Quel regard portez-vous sur le sport automobile au Maroc ?
Avec le recul, la compétition automobile au Maroc est en pleine décadence. Le Maroc mérite un circuit permanent et pourquoi pas d’organiser un grand prix F1. Il n’y a pas beaucoup de motivation, la Fédération n’est pas très dynamique et les autorités n’aident pas. Il y a des passionnés, de très bons pilotes et des gens motivés qui veulent aller loin. Seul bémol, la FRMSA qui navigue à vue sans véritable commandant de bord, ce qui influe profondément sur son image et ses activités. Cela est d’autant plus regrettable que le royaume abrite aujourd’hui une manche du championnat du monde WTCC. Je suis nostalgique de l’âge d’or des sports mécaniques au Maroc, où on faisait tout, même les courses de motos.
En parlant justement du WTCC, que pensez-vous de l’organisation par le Maroc d’une manche de ce championnat ?
Le Grand Prix de Marrakech est une manifestation qui revêt beaucoup d’importance pour le Maroc en termes d’image et de contribution au développement du sport automobile. Je pense que c’est une bonne initiative, qui va permettre peut-être de redorer le blason de ce sport dans notre pays.
À votre avis, quel est le remède à cette situation de déclin du sport automobile ?
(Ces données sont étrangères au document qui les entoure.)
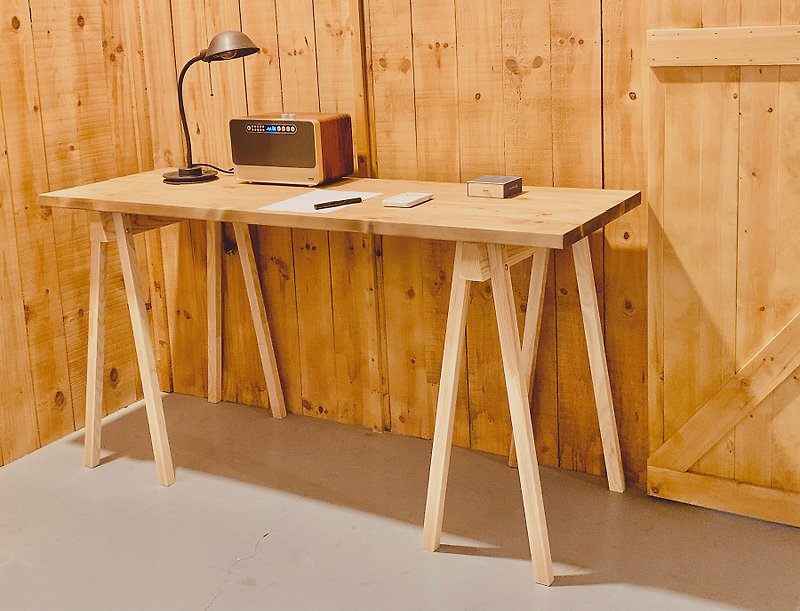 小蚁工作桌脚 - 其他家具 - 木头 卡其色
Pour que cela continue à progresser, il faudrait une locomotive. Quelqu’un qui ait du charisme, de la notoriété et du dynamisme pour entraîner les autres dans son sillage. Bien entendu, il faudrait que les autorités aient également de la bonne volonté. Je tiens ici à saluer les autorités de Mohammédia, qui ont toujours eu un regard positif sur le sport automobile et aidé les organisateurs à réussir leurs évènements.
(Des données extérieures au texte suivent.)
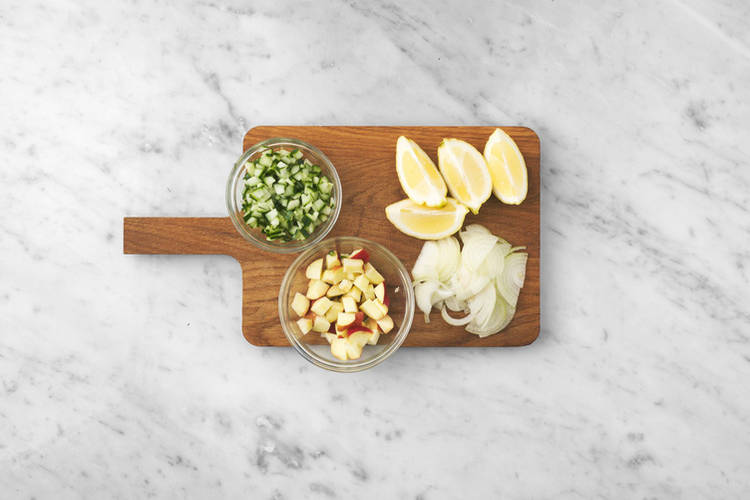 Forbered grønnsaker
Que représente pour vous le rallye Classic du Maroc ?
C’est une bonne initiative. Le Rallye Classic est une très bonne carte visite pour le Maroc. Il s’agit également d’une course exceptionnelle. C’est un rallye qui regroupe des gens d’horizons très différents. Il y a 60 personnes entre commissaires et accompagnateurs. Ce qui est extraordinaire, c’est de se retrouver autour d’une table en compagnie de champions et de pilotes de renom. C’est également un rallye difficile, qui fait souffrir hommes et mécaniques. Sur certaines spéciales (montagnes par exemple), le pilote est tenu de respecter des moyennes précises dans des conditions climatiques parfois difficiles, ce qui augmente le risque d’erreur ou d’accident.
Vous êtes également connu pour être un grand pêcheur ?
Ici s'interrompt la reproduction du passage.